To clean developer from sleeve 73 prior to movement of sleeve through sump 66, an elongated stripper plate 75 is provided in developer housing 65 between sump 66 and the point where developer brush 74 comes into developing relation with the photoconductive surface 16, plate 75 being supported so that the leading edge 76 thereof is in contact with the surface of sleeve 73. Stripper plate 75 is inclined downwardly toward sump 66 so that developer removed from sleeve 73 will gravitate downwardly over the surface 77 of plate 75. To permit the removed developer on the surface 77 of stripper plate 75 to be returned to sump 66, plate 75 has a row 78 of holes 79 therethrough adjacent the lower end of plate 75 which open into sump 66. As a result, developer removed from sleeve 73 by stripper plate 75 moves downwardly along the surface 77 of plate 75 and through holes 79 to sump 66.
Reproduction machine 8 is intended to copy a wide range of document sizes ranging from a relatively small document to a relatively large document. Normally, the document being copied is centered. Since it is expected that the number of small documents that will be copied will exceed the number of larger size documents copied, the amount of toner used will vary across the width of sump 66 with the greatest toner depletion occurring in the center of the sump. To assure a uniform developer mix, proportionally greater amounts of fresh or makeup toner must be added to the center section of the developer housing that at the ends. Further, the fresh toner must be uniformly intermixed with developer removed from sleeve 73 of magnetic brush developing roll 70 by stripper plate 75 if a uniform developer mix across the width of sump 66 is to be maintained.

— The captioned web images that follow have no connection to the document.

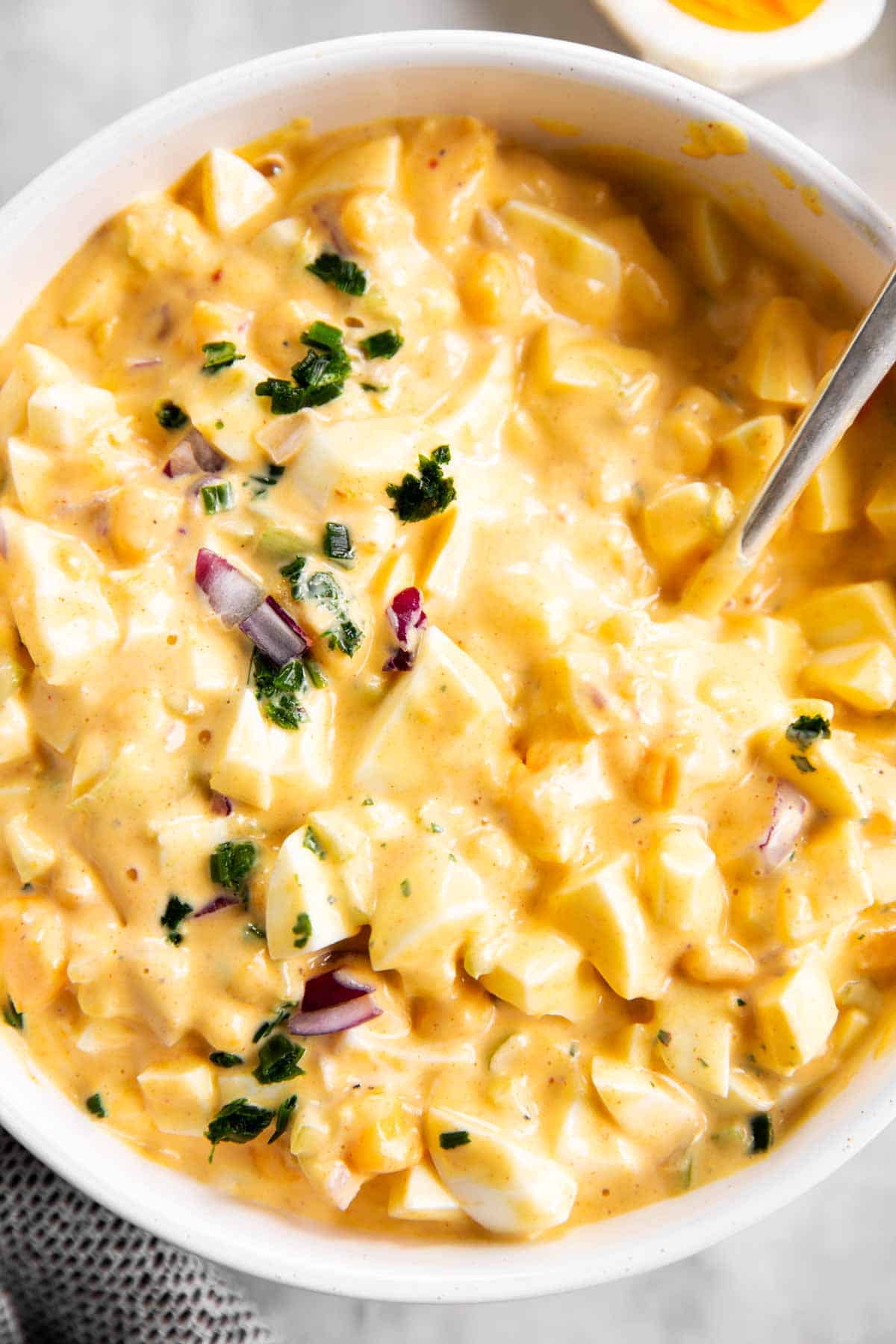 overhead close up view of egg salad topped with chives and red onion in white bowl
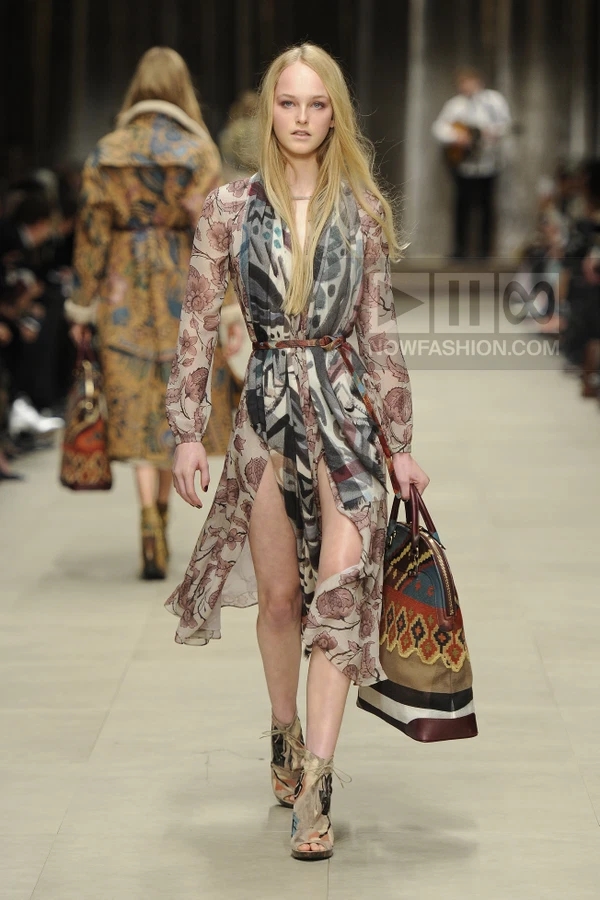Model walking in a floral chiffon dress with a patterned scarf, leather belt, and a large multi-colored tote bag.
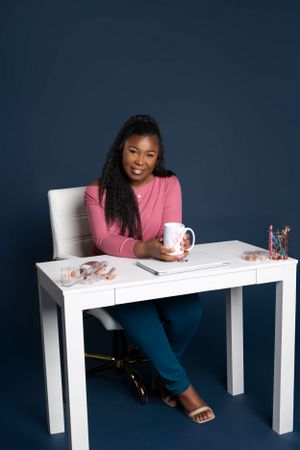 Someone in a pink sweater sits at a white desk with a coffee mug against a navy blue background.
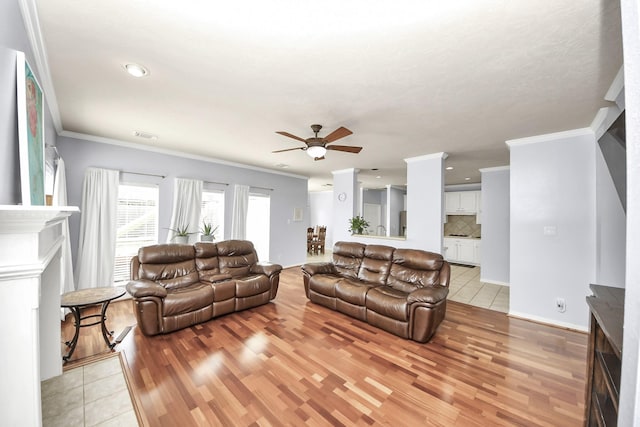 2613 Broussard Ct, Seabrook, TX 77586 - living room with a fireplace, light wood finished floors, ceiling fan, crown molding, and recessed lighting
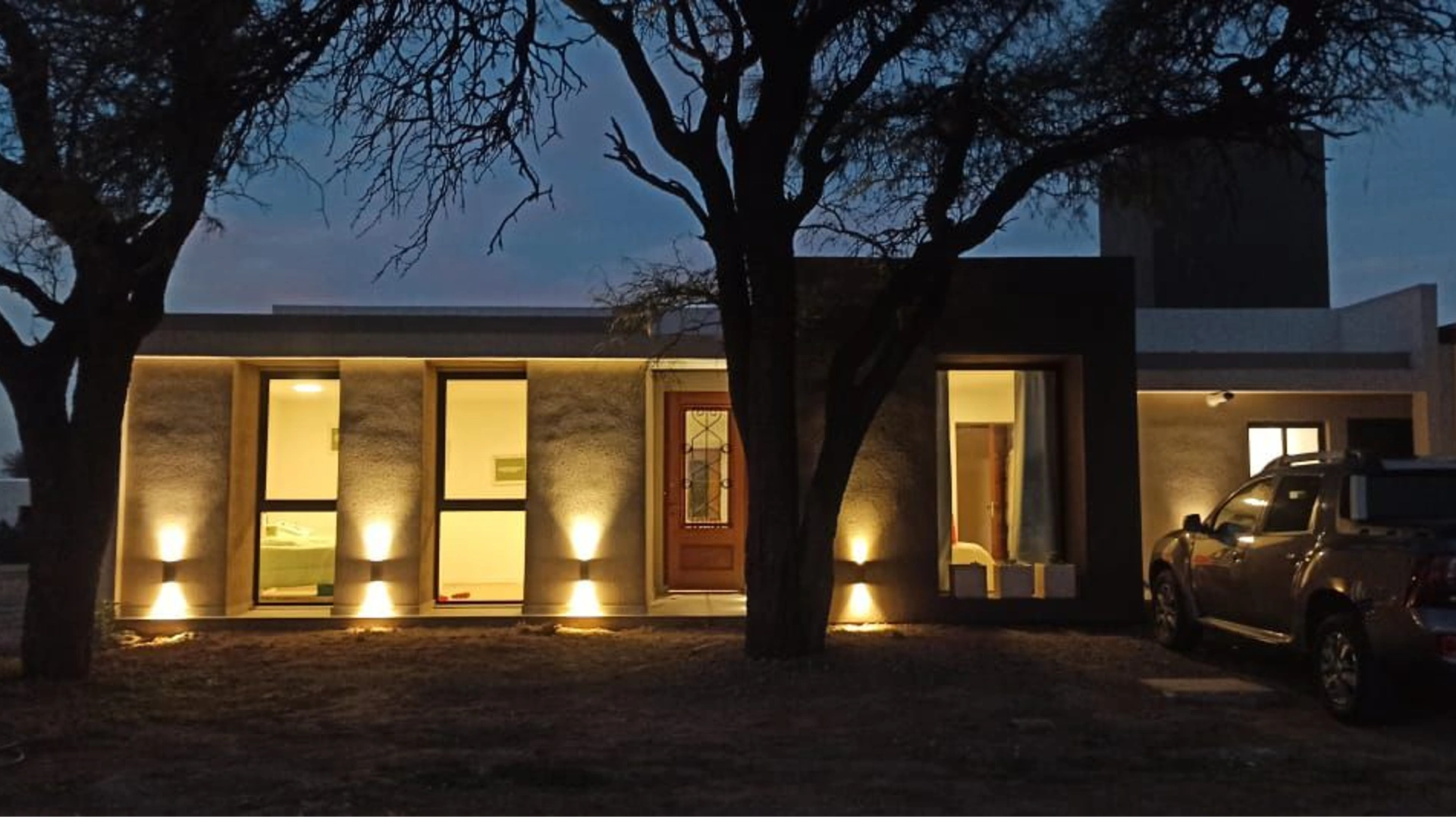 Foto de una casa en 7 Soles construída con el sistema de Steel Framing por Vértice Construcciones en la que se observa la fachada de la casa revestida con el sistema EIF´s, iluminada con luces prendidas ya que es de noche, varias ventanas de techo a piso y dos árboles en el frente, detrás de los cuales se encuentra la puerta de ingreso de madera con un vidrio en el centro detrás de unas rejas negras ornamentadas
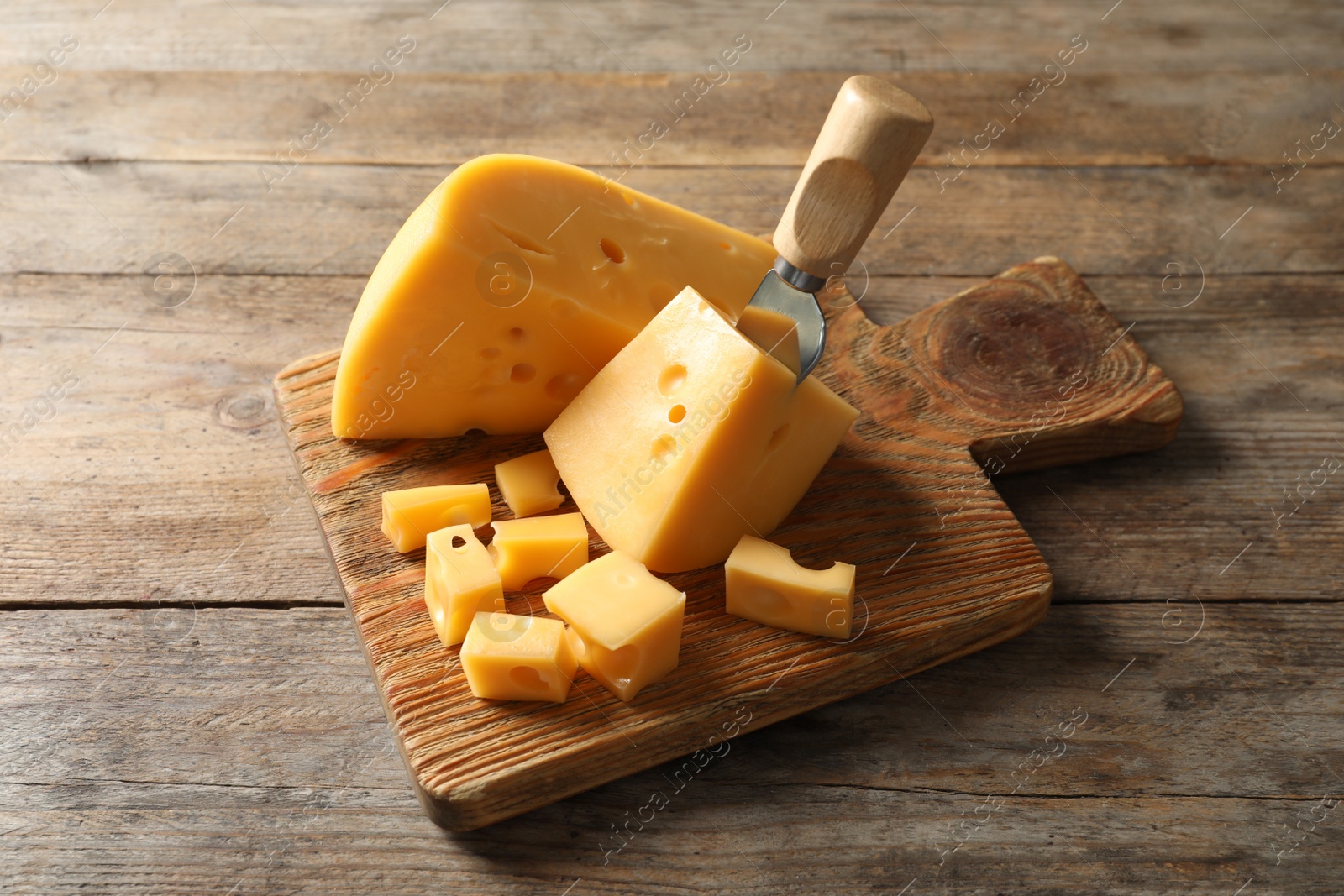 Photo of Serving board with delicious cheese on wooden table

Referring particularly to Figures 2-5, to mix the returning developer and to intermix fresh toner therewith to provide a substantially uniform developer mixture in sump 66, a rotatable chevron 80 is provided. Chevron 80 comprises a rotatable central shaft 81 shaped to provide a succession of blades 83 in the form of a chevron extending along the length thereof. Chevron 80 is fabricated by bending in a generally sinusoidal shape an elongated piece of rigid flat stock having a succession of holes 84 therein, bending being carried out so that holes 84 are aligned with one another. Shaft 81 is inserted through holes 84 and suitably attached to the auger blades 83 to form a unitary unit.
Chevron 80 is rotatably supported in sides 68, 69 of developer housing 65 such that the axis of auger 80 is substantially parallel to the axis of magnetic brush developer roll 70 with the axis of chevron 80 being aligned with the row 78 of developer return holes 79 in stripper plate 75. Chevron 80 is driven from magnetic brush roll 70 through gears 71, 82 respectively. Chevron 80 is disposed so that blades 83 are in close predetermined spaced relation with the surface 77 of plate 75 so that as chevron 80 rotates, every other one of the developer return holes 79 are effectively opened and closed with the in-between holes closed and opened. The combined lateral and rotational movement of the chevron blades 83 in effect shifts the developer, and any fresh toner added, back and forth to mix the returning developer removed by stripper plate 75 and intermix in any fresh toner supplied from toner supply cartridge 100. The returned developer along with any fresh toner intermixed therewith passes through holes 79 into sump 66.
A drive motor 87 is provided for operating machine 8, motor 87 being drivingly connected to the machine xerographic components, i.e. photoreceptor 14, fusing roll 49, copy sheet feed roll pair 40, document transport roll pairs 55, 56, and magnetic brush developing roll 70 by suitable coupling means and clutches (not shown).
A suitable controller 89 is provided for operating the various components of machine 8 in predetermined timed relation with one another to produce copies. Suitable copy sheet and document detectors 90, 92 respectively are provided in the copy sheet path downstream of copy sheet feed roll pair 40 and adjacent the inlet to document transport roll pair 55 to detect the leading edge of a copy sheet 32 and document 9 respectively.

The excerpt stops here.